How embarassing! I left that "poor me" post up there for months, I'm sure thousands upon thousands of visitors to this blog have seen it and cringed silently away. If you don't know what I'm talking about, it's because *it is gone now*.
Here's some less pathetic content for us to consider - the long-belated (and long-ago written but not published) continuation of "Books"!

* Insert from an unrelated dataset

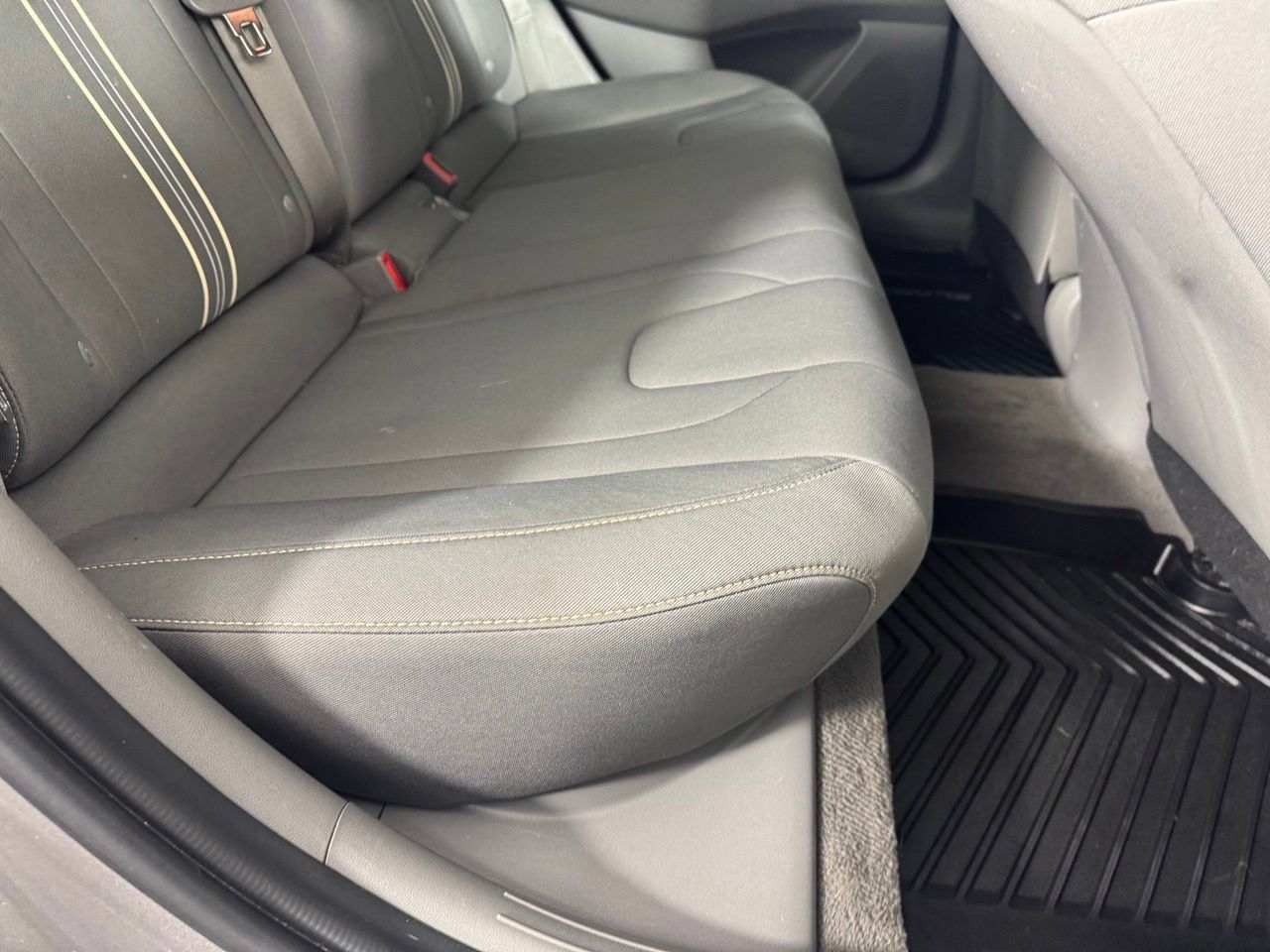 Used 2023 Hyundai Elantra SEL w/ Winter Weather Package FWD image 27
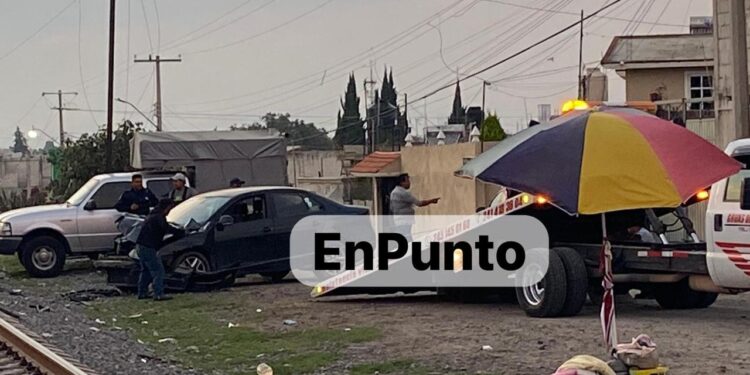 Tras estar mal estacionado, tren arrolla a vehículo en Huamantla.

11. The Meme Machine (Blackmore)
More than any other, I think I have this book - The Meme Machine - to blame for my career path. At the time (summer of '99) I'd just tried to be a physic major for a year and was very disappointed at my poor grades, so was looking for something.. easier. I was interested in sociology in a broad way, and when I read a review of Blackmore's book - in The Fortean Times, no less, yes, I am a scientist - I was convinced that this was what I had been looking for. I got the book, devoured it, and my mind was set: I was going to be a memeticist. Of course, that was not a real thing to be, and I decided that the closest thing must be psychology, since that was the science of minds and thought, and there I went. The Meme Machine introduced me to Daniel Dennett as well - she leans pretty heavily on his ideas about consciousness being a fabric of patched-together contents - and from there I started reading him. I read Consciousness Explained (below!) - it took a while and I came away very dissatisfied and confused, but Dennett is the one that introduced me to the idea of perceptual science, psychophysics, study of visual experience (the book is full of wonderful examples that he abuses, distorts, misrepresents, etc to make his awful case about consciousness). Over the years 'memetics' has faded into memory (with 'meme' completely hijacked to different purposes since), though I do think that a big part of my thinking about the world, about social contents and change, were nevertheless shaped by the ideas in this book.
12. Death’s End (Liu Cixin)
I read the Three Body Problem trilogy one after the other, end-to-end, and I can tell you: it gets better. The prose, the characters, who cares really. The ideas though, the breadth and depth of the *ideas*, are just *so good*. I've never read, and it's hard to imagine ever reading, anything that covers the conceptual scale of what's covered in Death's End, which is amazing since it's still a story focused on one completely ordinary human character, who has nothing but normal human experiences. But those experiences take place against the backdrop of, ultimately, the death of the entire Universe, and it all unfolds (in-joke there) in the most extraordinary telescoping fashion, expanding bit by bit until you're there with all of existence serving as the window dressing of the story. It's amazing how well it works. If you read the first book and you're unsure of whether to continue, I'd say it's worth it just so you can get through to the end of Death's End.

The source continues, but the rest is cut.